# load packages
library(tidyverse)If you are present for the live session on Monday October 21st, please click here to take the survey.
All of the raw materials, including the R code and data, are available in the Github repository.
We will be using the tidyverse and validate packages in this tutorial. You may need to install them if you do not have them already. To install, run the following command in your R console: install.packages("tidyverse", "validate"). Note that the tidyverse package is large and may take a few minutes to install.
Code from the live session is avaible on the Github.
Introduction
What do we mean with data wrangling?
The Cambridge dictionary gives several meanings to the verb wrangle:
to argue with someone about something, especially for a long time
to take care of, control, or move animals, especially large animals such as cows or horses (mainly American English)
to move a person or thing somewhere, usually with difficulty or using force
to take care of or deal with something, usually when this is difficult
Data Wrangling
By data wrangling, we mean here the process of checking and correcting quality and integrity of data relevant to malaria modeling, prior to any further analysis. This is also known as data validation.
Data validation involves checking various aspects of your dataset, such as missing values, data types, outliers, and adherence to specific rules or constraints.
Validating our data helps maintain its quality and integrity, ensuring that any analyses or decisions made based on the data are robust and reliable.
Why Validate Data?
Ensure Data Integrity: Validating data helps identify and rectify errors, ensuring the integrity of the dataset.
Improve Analysis Accuracy: Clean and validated data leads to more accurate analysis and modeling results.
Compliance and Standards: Data validation ensures that the data conforms to predefined rules, standards, or regulatory requirements.
Error Prevention: Early detection of errors can prevent downstream issues and save time in troubleshooting.
Getting Started
Before you begin, you might want to create a new project in RStudio. This can be done by clicking on the “New Project” button in the upper right corner of the RStudio window. You can then name the project and choose a directory to save it in.
Next, we will load the tidyverse package. This package provides a set of useful functions for data manipulation and visualization. We will use the ggplot2 package to create plots in the later section of this tutorial.

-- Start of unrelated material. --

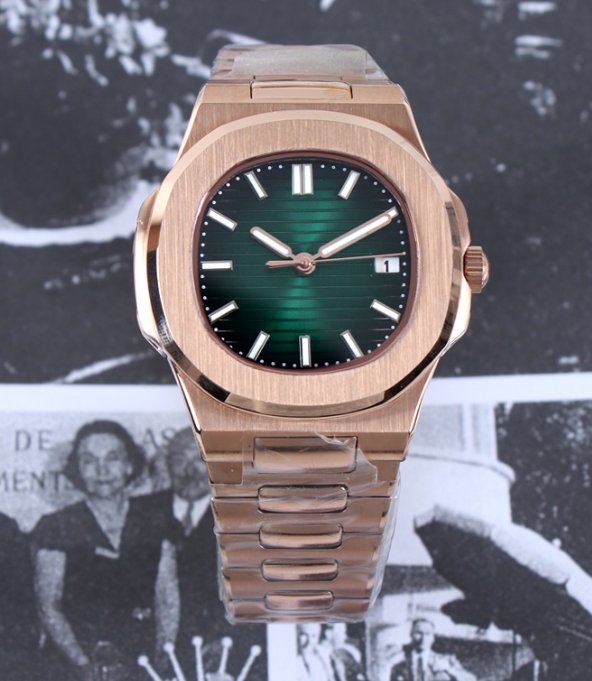 Luxury Men’s Metal Strap Watch – Bold & Refined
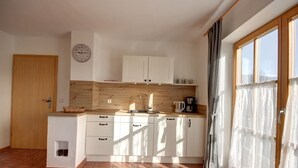 Private kitchen - "Zeitlos" Vacation Rental for 6 Adults and 1 Child, 3 Bedrooms, 100 m² (Inzell)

Next, let’s download the two example datasets we will use in this tutorial. These are available in the AMMnet Hackathon GitHub repository.
I suggest creating a data folder inside your R project, then we can download the two example datasets so that they are saved to your computer.
# Create a data folder
dir.create("data")
# Download example data
url <- "https://raw.githubusercontent.com/AMMnet/AMMnet-Hackathon/main/02_data-wrangle/data/"

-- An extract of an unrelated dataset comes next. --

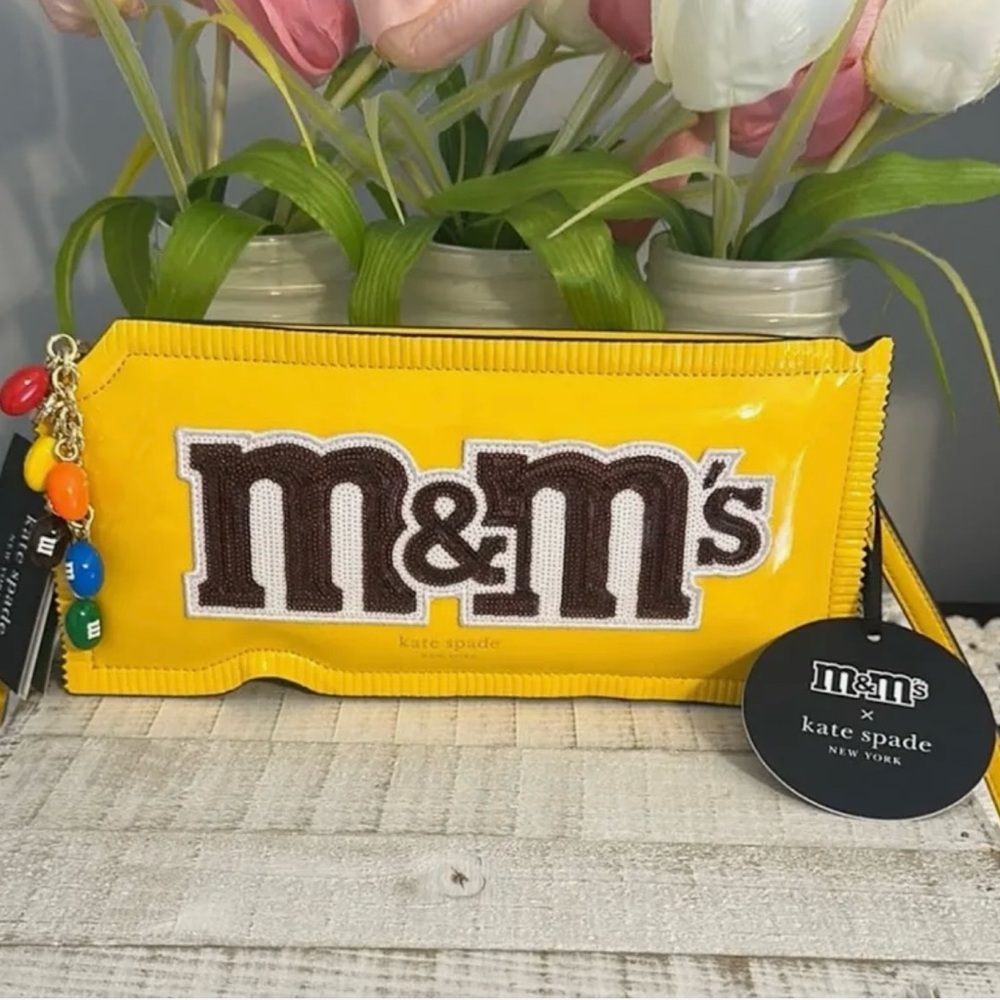 Kate Spade Yellow M&M's Bag. NWT and charm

download.file(paste0(url, "mockdata_cases1.csv"), destfile = "data/mockdata_cases1.csv")
download.file(paste0(url, "mosq_mock1.csv"), destfile = "data/mosq_mock1.csv")
# Load example data
data_cases <- read_csv("data/mockdata_cases1.csv")
mosq_data <- read_csv("data/mosq_mock1.csv")The two datasets we will use are mockdata_cases1.csv and mosq_mock1.csv, which are mock example datasets that should be similar to malaria case surveillance and mosquito field collection data, respectively. In the following sections we will use the mockdata_cases1.csv and mosq_mock1.csv to introduce concepts of data cleaning and characterization in R.
1. Check the data for potential errors
Prevalence is a fraction defined in [0,1]
Note: Prevalence of 0 or 1 while not statistically erroneous, need checking for accuracy.
What observations have errors?
# Erroneous values for prevalence
data_cases%>%
dplyr::filter(prev <= 0 | prev >= 1)# A tibble: 3 × 10
location month year ages total positive xcoord ycoord prev time_order_loc
<chr> <dbl> <dbl> <chr> <dbl> <dbl> <dbl> <dbl> <dbl> <dbl>
1 mordor 4 2018 15_a… 91 23 -20.0 30.5 25.3 4
2 neverwh… 2 2019 15_a… 22 -1 -20.8 29.6 -0.0455 14
3 neverwh… 3 2018 unde… 25 0 -19.8 30.2 0 3
Comment: We have two rows with nonsensical prev data 25.3and -0.455, and one row with zero prev at a given month.
Defensive programming
Note: The use of “::” enables us to call a function from a specific R package I have had instances where if “stats” base R package was called first, the filter function if not specified with the R package fails.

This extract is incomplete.